Their proposed method pushes one step further in the challenging problem of causal representation learning.
The single-parent decoding assumption is very interesting and helps the identifiability of both the latent representations and the causal graph
Their proposed method seems to be able to capture the correct latent representations and the causal link both in the synthetic dataset and the real-world climate science datasets, which seems to be really promising.
The paper is well-written and easy to follow. The authors included limitations of their work in the Discussion.

缺点

CDSD performs worse in the linear case from Figure 2. I understand that the authors already claim they expect the advantage of CDSD under non-linear decoding (mappings from the observables to latents). But still, its worse performance under linear decoding is concerning.

问题

I have included some of the questions in the part of Weakness.
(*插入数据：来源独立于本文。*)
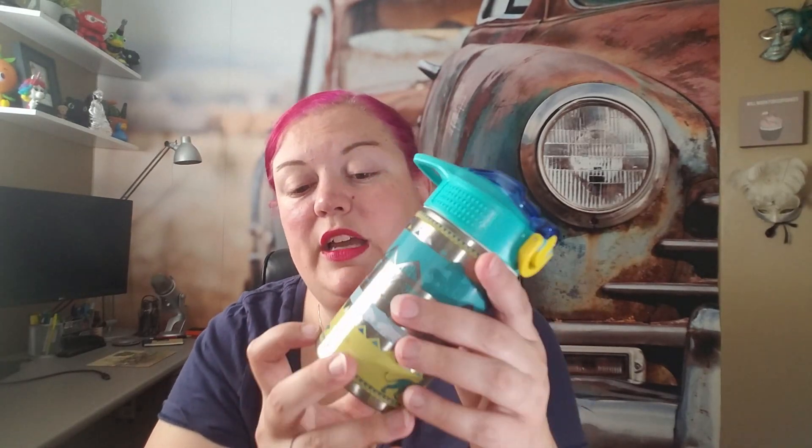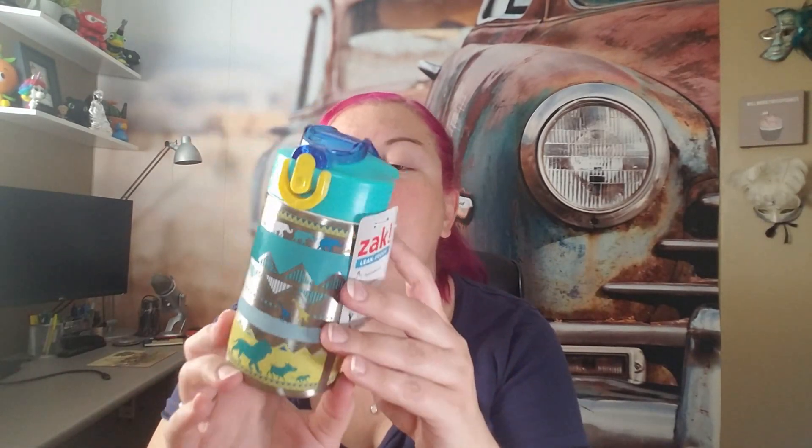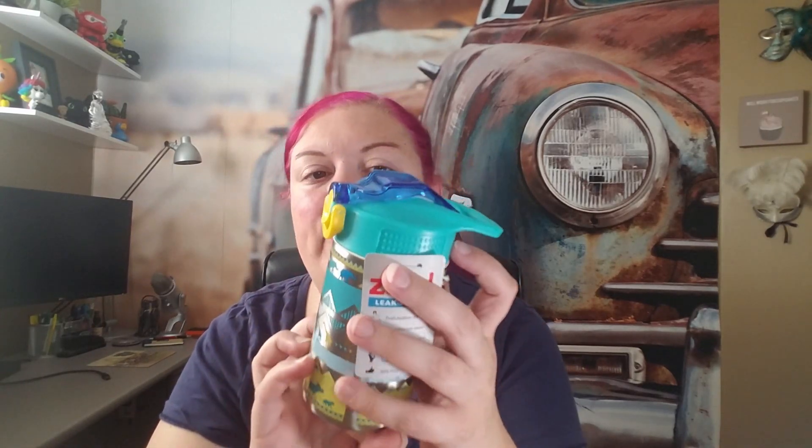We're going to start with this water bottle — it's one of their stainless steel ones with a very basic kind of design. We have Simba, Timon, and Pumbaa, and some of the animals from the Serengeti all the way around it. They're easy to wash — hand wash the body — and the lids can be tossed in the dishwasher. The drinking spout has a straw in it, making it really easy for little kids. You can lock it and it should be mostly leak proof in their lunchbox.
Other than that:

In the paper, the connection between the latent variables, $G^k$ , is set to be a binary matrix instead of a continuous one. Is it possible to extend to continuous case? And what are the pros and cons of different choices?
Can you discuss the validity of the conditional independence for the observables and latent variables respectively in practice?
Under linear setting, what is the reason to set the decoding function $r_j$ to be the identify function?
Is the paper using a different citation style?